═════ AVAILABLE DATA
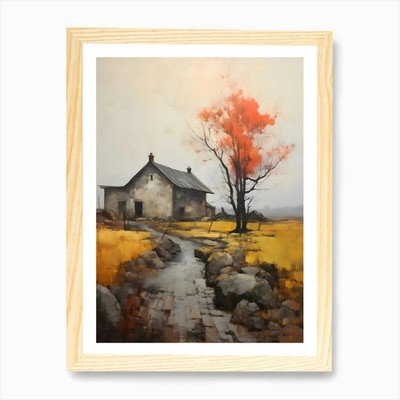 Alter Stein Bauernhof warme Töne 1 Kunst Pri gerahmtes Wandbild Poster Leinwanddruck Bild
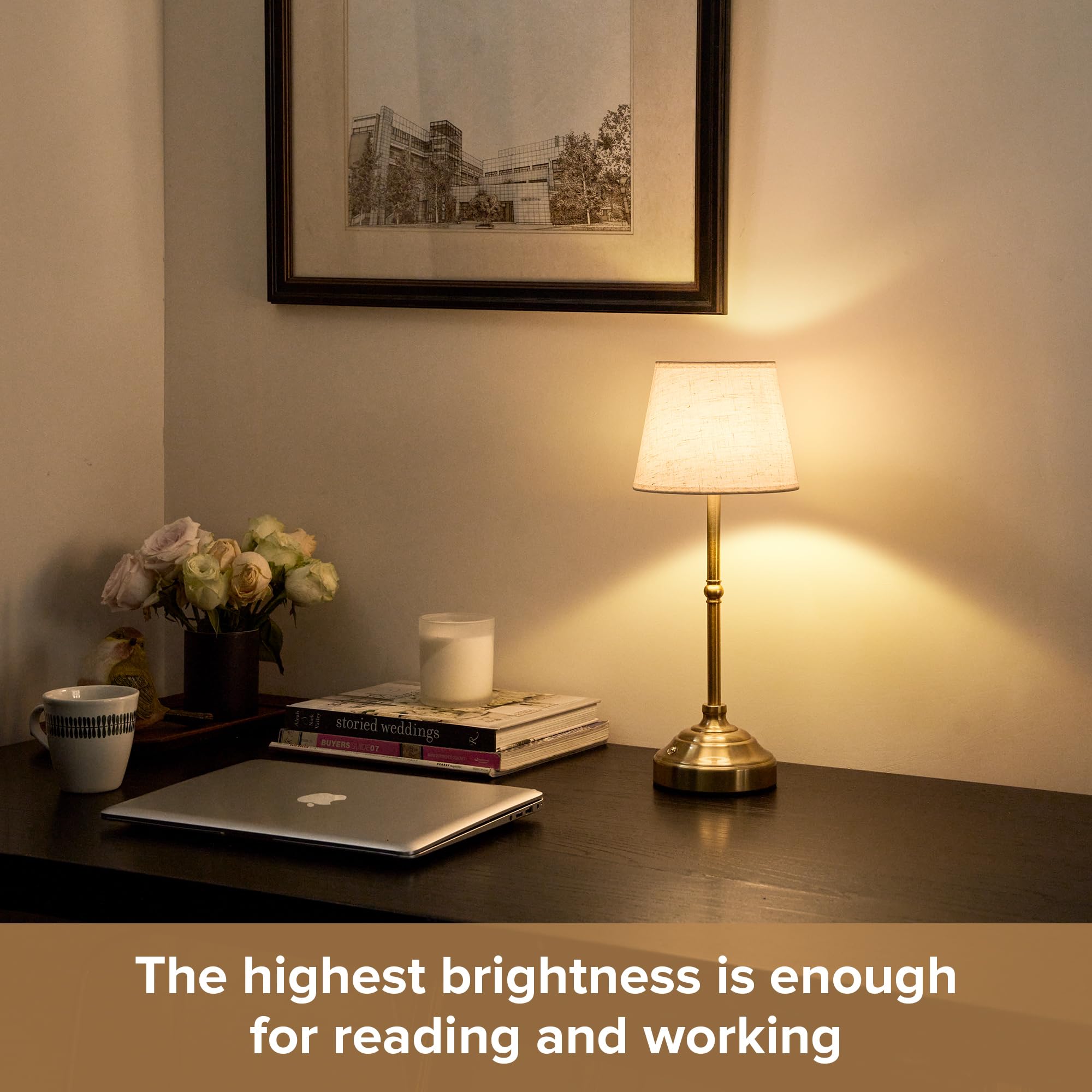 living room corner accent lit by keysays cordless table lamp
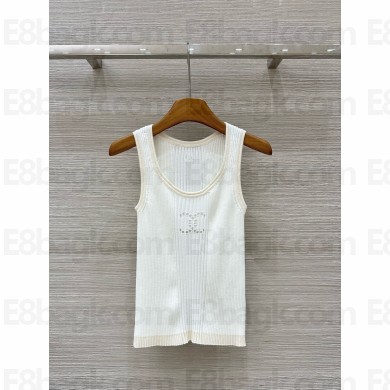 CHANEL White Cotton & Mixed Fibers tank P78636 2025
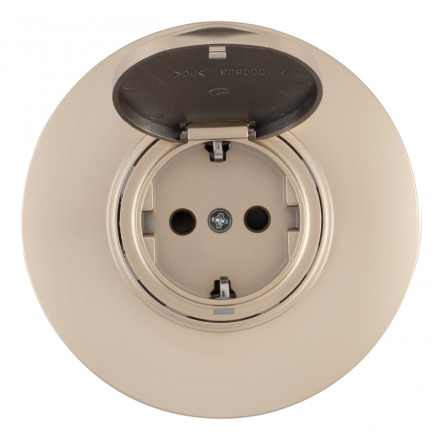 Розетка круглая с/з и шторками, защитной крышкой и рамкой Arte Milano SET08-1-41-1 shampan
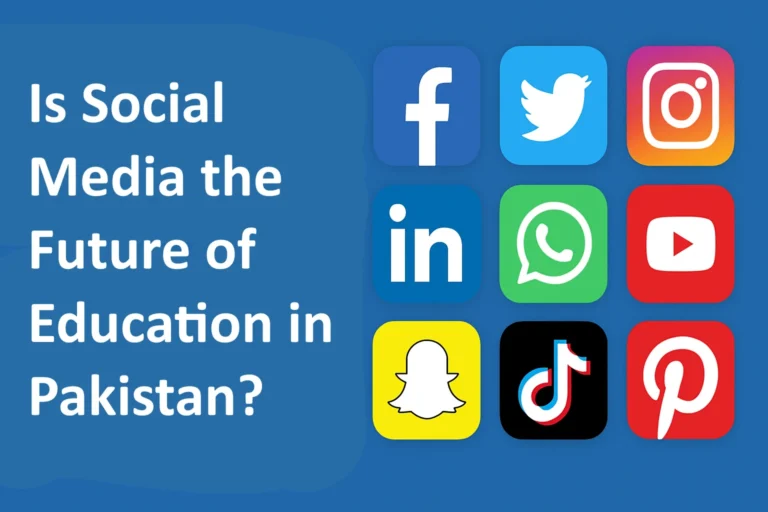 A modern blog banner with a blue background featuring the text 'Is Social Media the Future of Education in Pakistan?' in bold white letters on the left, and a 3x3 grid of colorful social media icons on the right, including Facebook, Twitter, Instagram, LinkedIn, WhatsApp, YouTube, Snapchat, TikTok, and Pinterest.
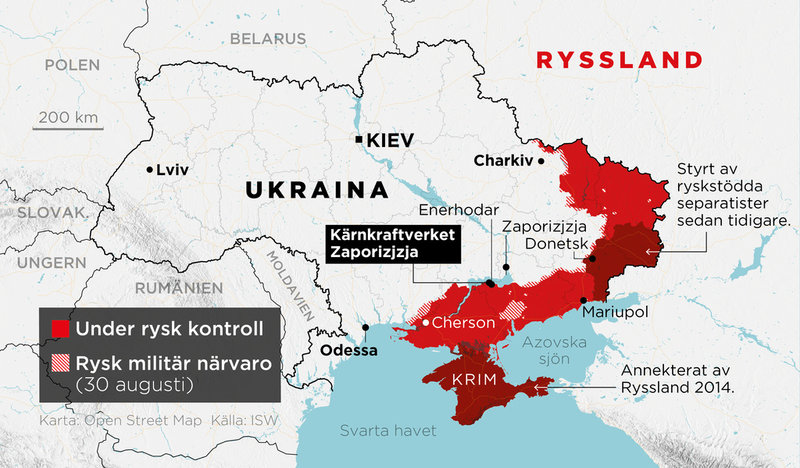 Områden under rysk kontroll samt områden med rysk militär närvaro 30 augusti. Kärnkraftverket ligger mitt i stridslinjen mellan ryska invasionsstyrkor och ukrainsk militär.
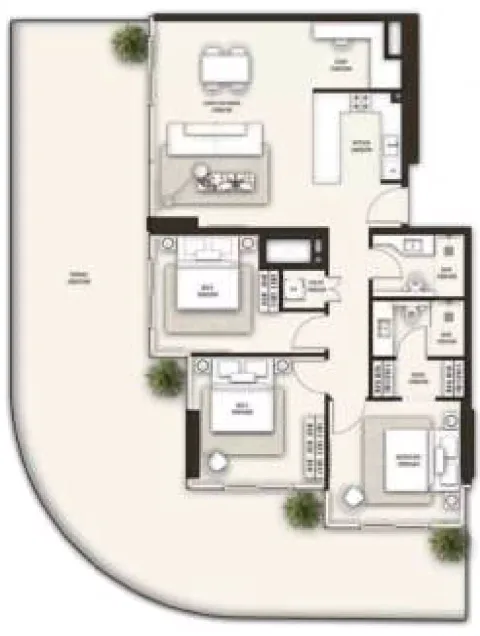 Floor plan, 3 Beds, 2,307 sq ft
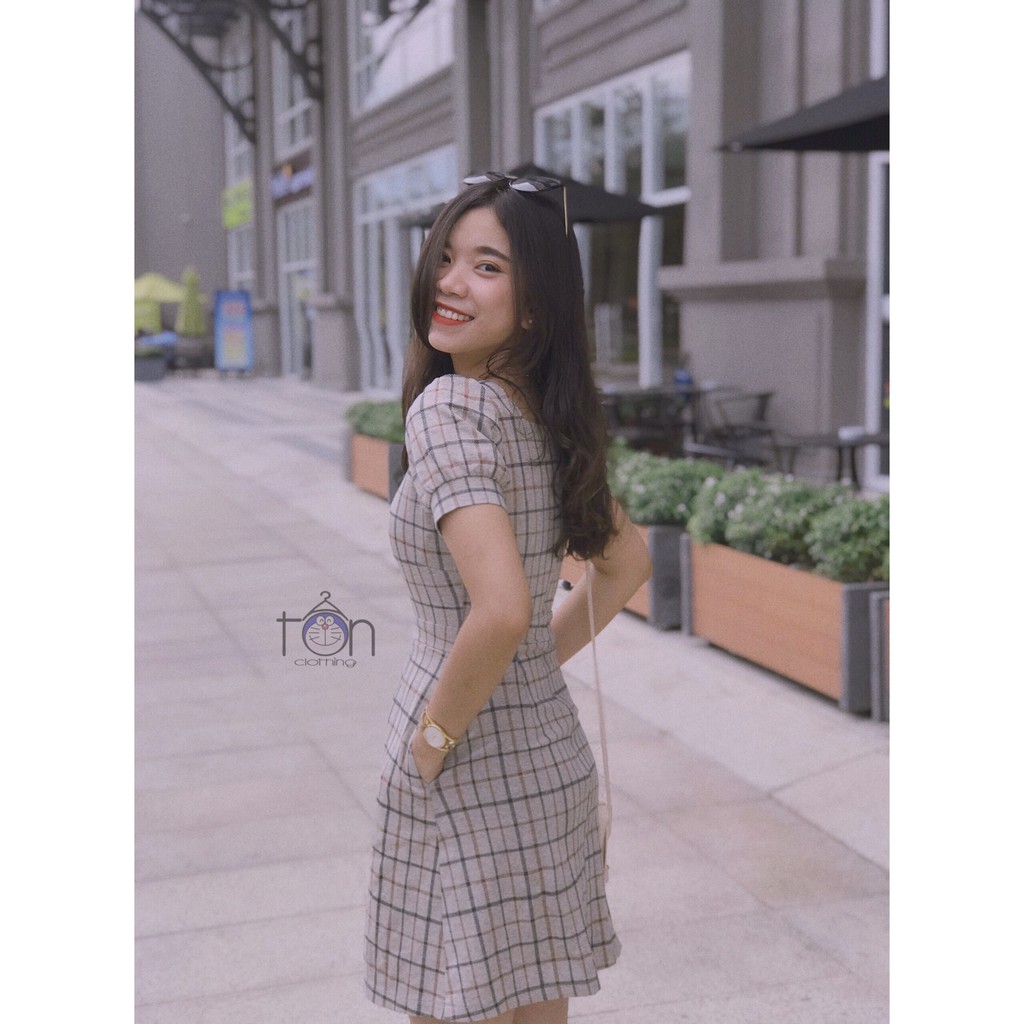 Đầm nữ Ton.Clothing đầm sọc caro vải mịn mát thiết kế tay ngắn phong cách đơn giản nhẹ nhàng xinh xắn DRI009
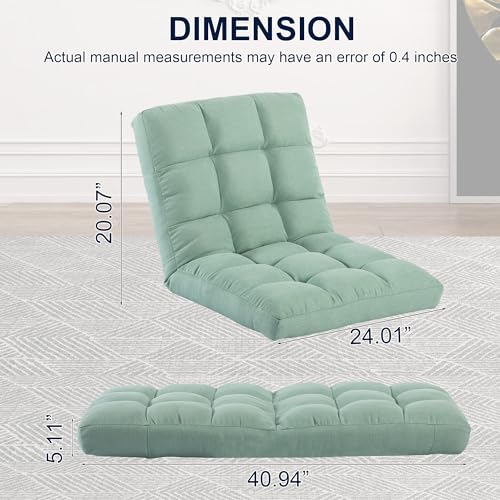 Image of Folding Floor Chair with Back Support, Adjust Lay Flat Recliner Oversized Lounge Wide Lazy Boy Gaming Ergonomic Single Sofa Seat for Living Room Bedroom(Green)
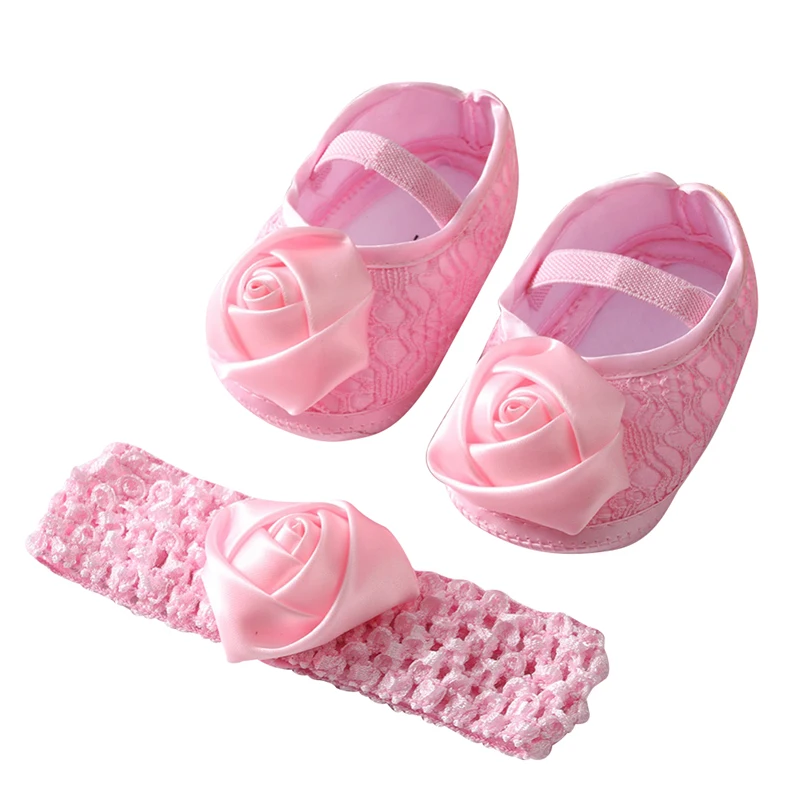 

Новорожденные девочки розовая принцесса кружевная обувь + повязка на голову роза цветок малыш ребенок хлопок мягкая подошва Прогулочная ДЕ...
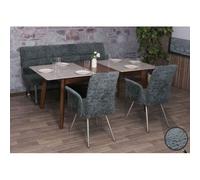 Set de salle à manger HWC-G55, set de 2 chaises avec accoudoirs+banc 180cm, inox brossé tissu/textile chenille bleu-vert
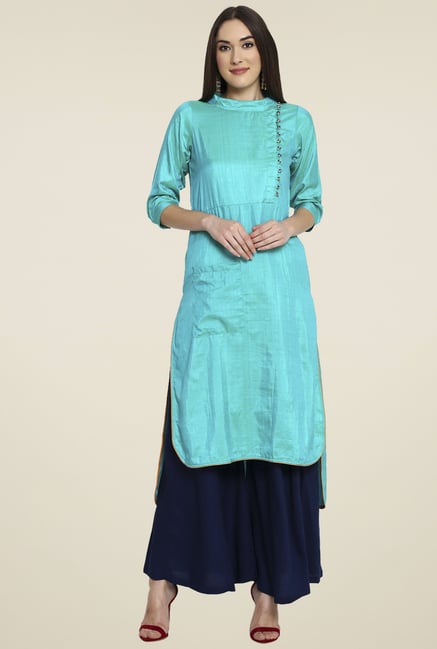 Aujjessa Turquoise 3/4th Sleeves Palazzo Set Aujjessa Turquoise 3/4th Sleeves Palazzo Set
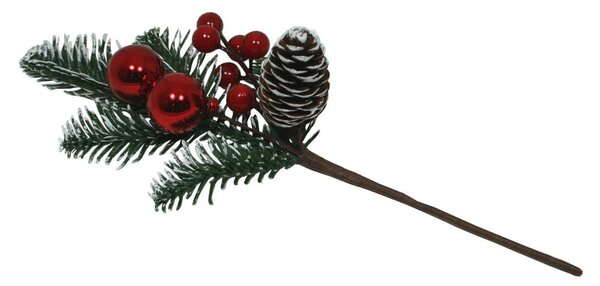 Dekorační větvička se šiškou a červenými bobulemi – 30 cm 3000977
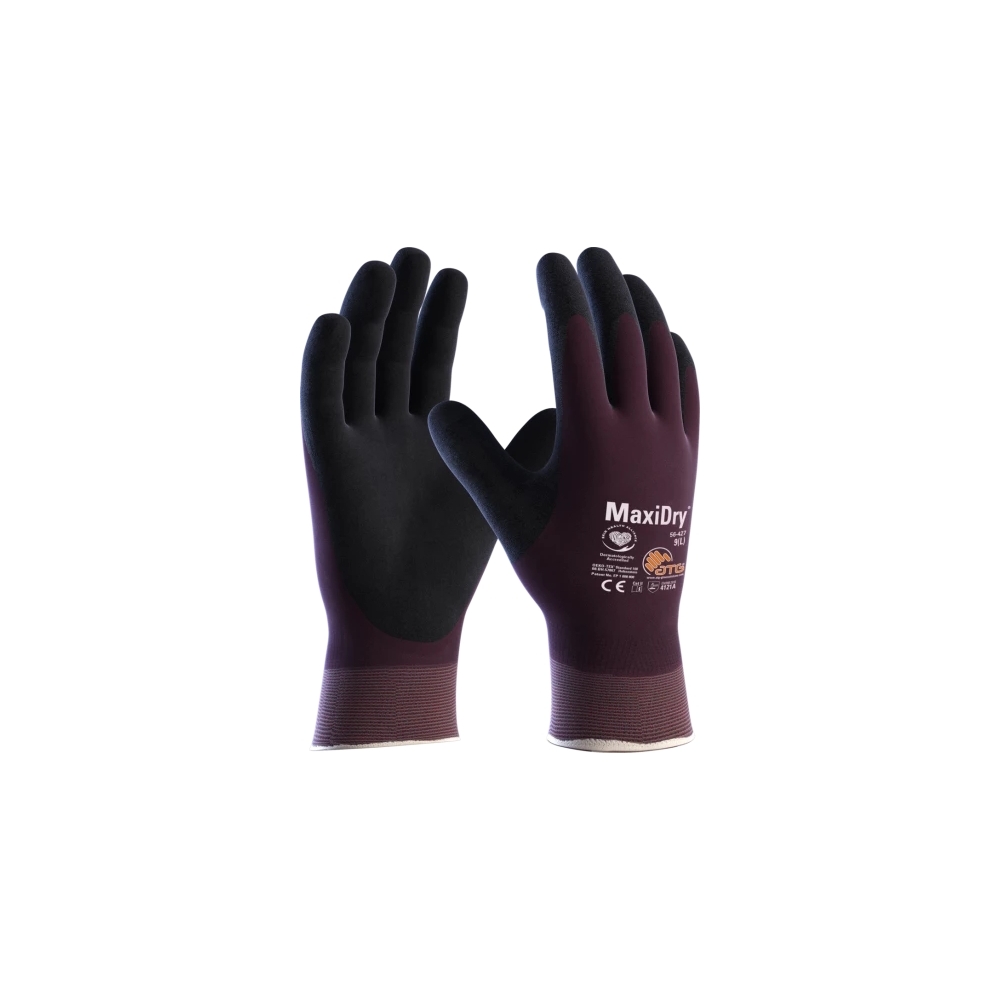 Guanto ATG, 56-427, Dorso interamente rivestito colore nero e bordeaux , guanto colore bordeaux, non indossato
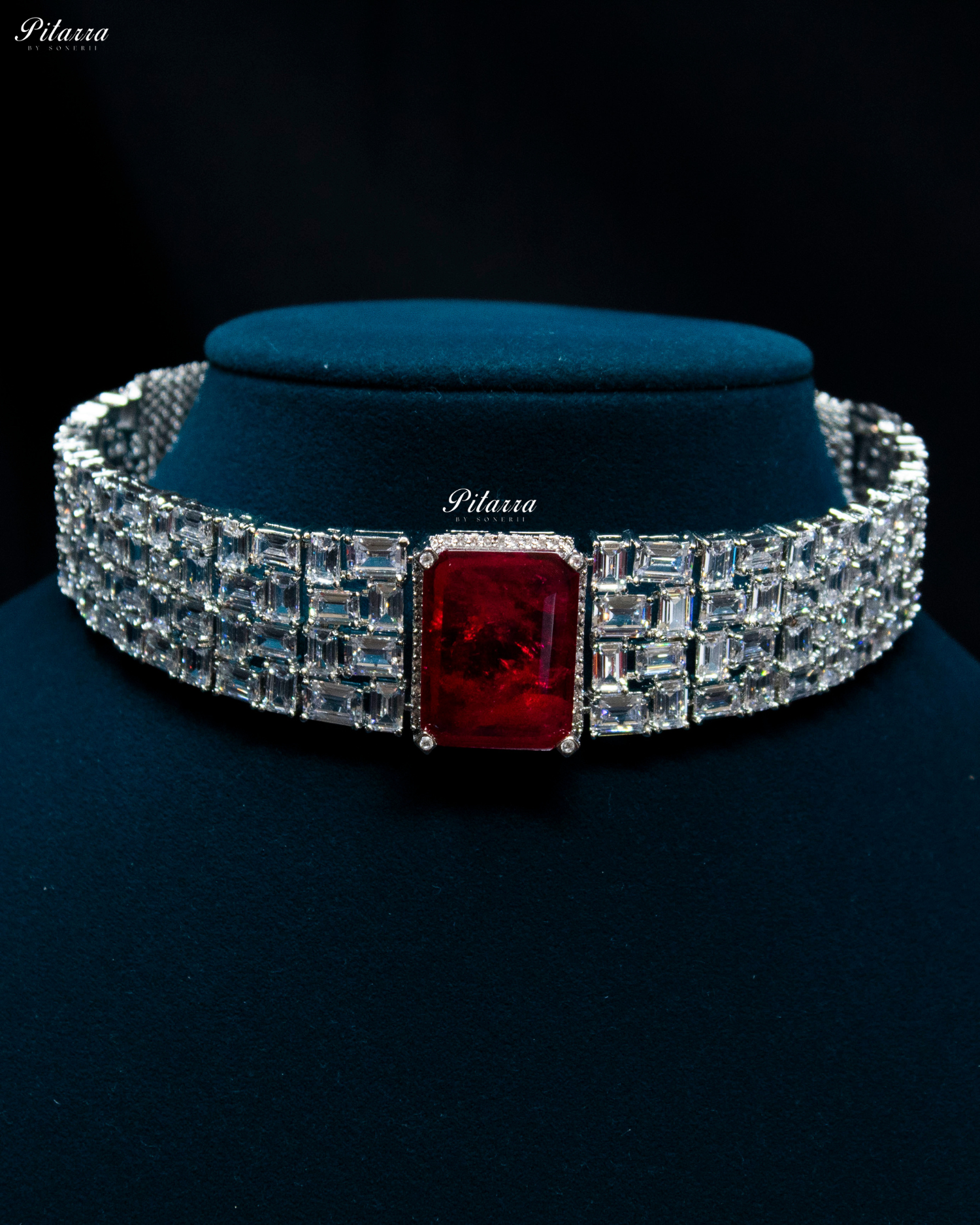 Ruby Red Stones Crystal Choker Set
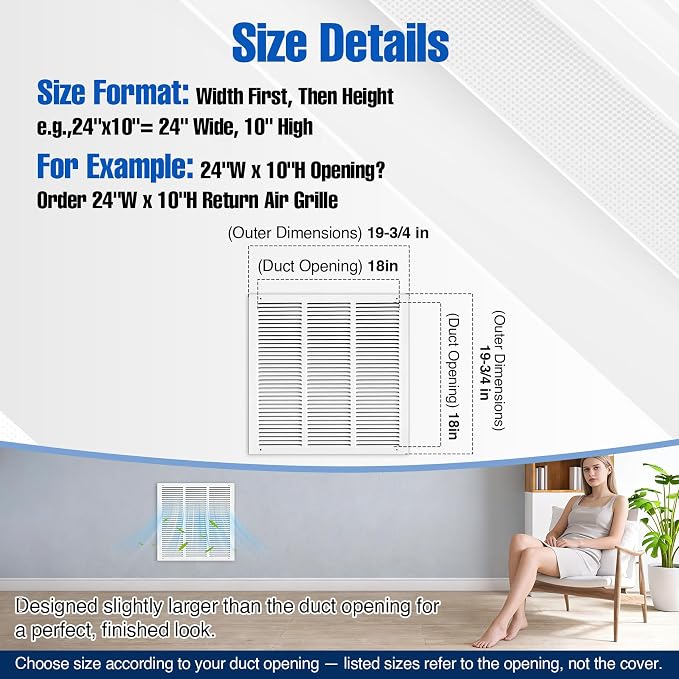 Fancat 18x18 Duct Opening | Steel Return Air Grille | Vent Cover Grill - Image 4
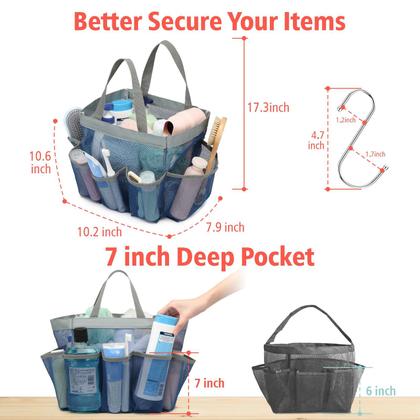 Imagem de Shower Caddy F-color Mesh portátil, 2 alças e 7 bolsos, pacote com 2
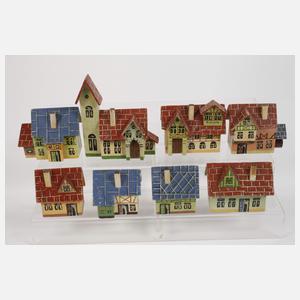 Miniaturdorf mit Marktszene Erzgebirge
══════════
### EXERCISE PROMPT
Pictures are to be omitted; otherwise, write out the data exactly as it appears.

### RESPONSE
 Alter Stein Bauernhof warme Töne 1 Kunst Pri gerahmtes Wandbild Poster Leinwanddruck Bild
 living room corner accent lit by keysays cordless table lamp
 CHANEL White Cotton & Mixed Fibers tank P78636 2025
 Розетка круглая с/з и шторками, защитной крышкой и рамкой Arte Milano SET08-1-41-1 shampan
 A modern blog banner with a blue background featuring the text 'Is Social Media the Future of Education in Pakistan?' in bold white letters on the left, and a 3x3 grid of colorful social media icons on the right, including Facebook, Twitter, Instagram, LinkedIn, WhatsApp, YouTube, Snapchat, TikTok, and Pinterest.
 Områden under rysk kontroll samt områden med rysk militär närvaro 30 augusti. Kärnkraftverket ligger mitt i stridslinjen mellan ryska invasionsstyrkor och ukrainsk militär.
 Floor plan, 3 Beds, 2,307 sq ft
 Đầm nữ Ton.Clothing đầm sọc caro vải mịn mát thiết kế tay ngắn phong cách đơn giản nhẹ nhàng xinh xắn DRI009
 Image of Folding Floor Chair with Back Support, Adjust Lay Flat Recliner Oversized Lounge Wide Lazy Boy Gaming Ergonomic Single Sofa Seat for Living Room Bedroom(Green)

Новорожденные девочки розовая принцесса кружевная обувь + повязка на голову роза цветок малыш ребенок хлопок мягкая подошва Прогулочная ДЕ...
 Set de salle à manger HWC-G55, set de 2 chaises avec accoudoirs+banc 180cm, inox brossé tissu/textile chenille bleu-vert
 Aujjessa Turquoise 3/4th Sleeves Palazzo Set Aujjessa Turquoise 3/4th Sleeves Palazzo Set
 Dekorační větvička se šiškou a červenými bobulemi – 30 cm 3000977
 Guanto ATG, 56-427, Dorso interamente rivestito colore nero e bordeaux , guanto colore bordeaux, non indossato
 Ruby Red Stones Crystal Choker Set
 Fancat 18x18 Duct Opening | Steel Return Air Grille | Vent Cover Grill - Image 4
 Imagem de Shower Caddy F-color Mesh portátil, 2 alças e 7 bolsos, pacote com 2
 Miniaturdorf mit Marktszene Erzgebirge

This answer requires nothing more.